AC Circuit Analysis

AC circuits are more complex than DC because the voltage and current are constantly changing, and capacitors and inductors respond to that change in ways resistors don't. The key insight that makes AC analysis tractable is impedance — a generalisation of resistance that works for capacitors and inductors too, using complex numbers to track the phase relationship between voltage and current.

The AC Waveform

V(t) = V_max × sin(ωt + φ)
  • V_max — peak voltage
  • ω = 2πf — angular frequency in radians/second
  • f — frequency in Hz
  • φ — phase angle in radians

For calculations involving power, use RMS values: V_RMS = V_max / √2 ≈ 0.707 × V_max

Reactance

Reactance is the opposition to current flow in capacitors and inductors. Unlike resistance, it depends on frequency:

Capacitive reactance:  X_C = 1 / (2πfC)    ohms
Inductive reactance:   X_L = 2πfL           ohms

At higher frequencies: X_C decreases (capacitor passes more current), X_L increases (inductor blocks more). This frequency-dependent behaviour is what makes filters possible.

Impedance

Impedance (Z) combines resistance and reactance into one complex quantity that obeys Ohm's Law for AC circuits:

Z = R + jX          (j = imaginary unit, √-1)

For a series RC circuit:   Z = R - jX_C
For a series RL circuit:   Z = R + jX_L
For a series RLC:          Z = R + j(X_L - X_C)

Magnitude: |Z| = √(R² + X²)
Phase angle: θ = arctan(X/R)

Ohm's Law for AC: V = I × Z — where V, I, and Z are all complex numbers (phasors).

Resonance

In an RLC circuit, X_L and X_C cancel when they're equal. The frequency where this happens is the resonant frequency:

At resonance: X_L = X_C
2πf₀L = 1/(2πf₀C)
f₀ = 1 / (2π√LC)

At resonance, the impedance is purely resistive (Z = R), and current is at maximum. This is how radio tuners work — adjust L or C until f₀ matches the station frequency, and that frequency gets maximum response.

Power in AC Circuits

Real power (P):     P = V_RMS × I_RMS × cos(θ)    watts (W)
Reactive power (Q): Q = V_RMS × I_RMS × sin(θ)    volt-amperes reactive (VAR)
Apparent power (S): S = V_RMS × I_RMS              volt-amperes (VA)

S² = P² + Q²

Power factor: PF = cos(θ) = P/S

Real power is what actually does work (heats, moves, computes). Reactive power is stored and returned each cycle by inductors and capacitors — it doesn't do useful work but it does flow in the wires and causes losses. Power factor close to 1.0 means the load is mostly resistive and efficient. Large motors and fluorescent lights have low power factors; this is why industrial customers pay power factor penalties.

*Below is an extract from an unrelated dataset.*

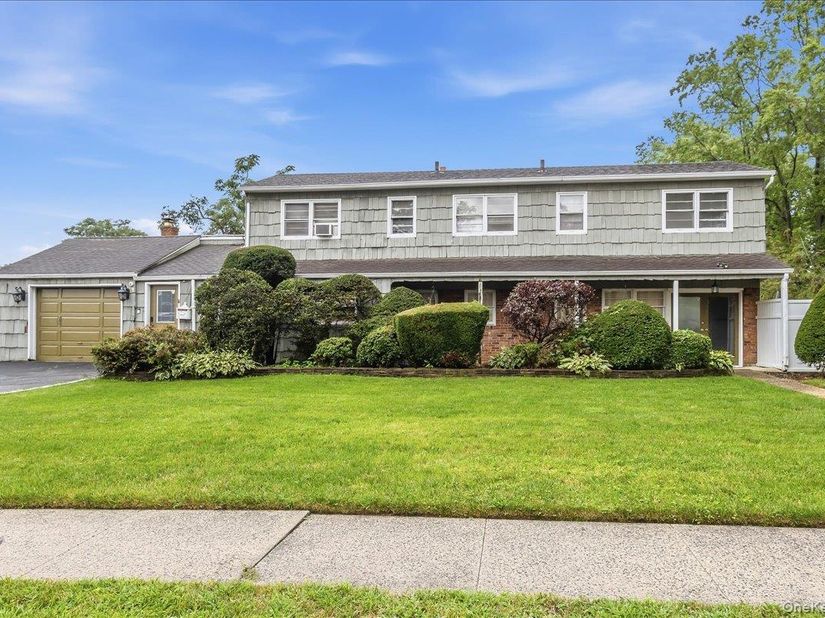 1 Greentree Circle, Westbury NY 11590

RC Low-Pass Filter Example

        R
Vin ──[  ]──┬── Vout
            |
           [C]
            |
           GND

Cutoff frequency (f_c): where X_C = R
f_c = 1 / (2πRC)

At f << f_c: capacitor is high impedance, Vout ≈ Vin  (passes signal)
At f >> f_c: capacitor is low impedance, Vout ≈ 0      (attenuates signal)

Above the cutoff frequency, the output drops at -20dB/decade. This is a first-order filter. Stack two of them (or use an active filter with an op-amp) for steeper rolloff.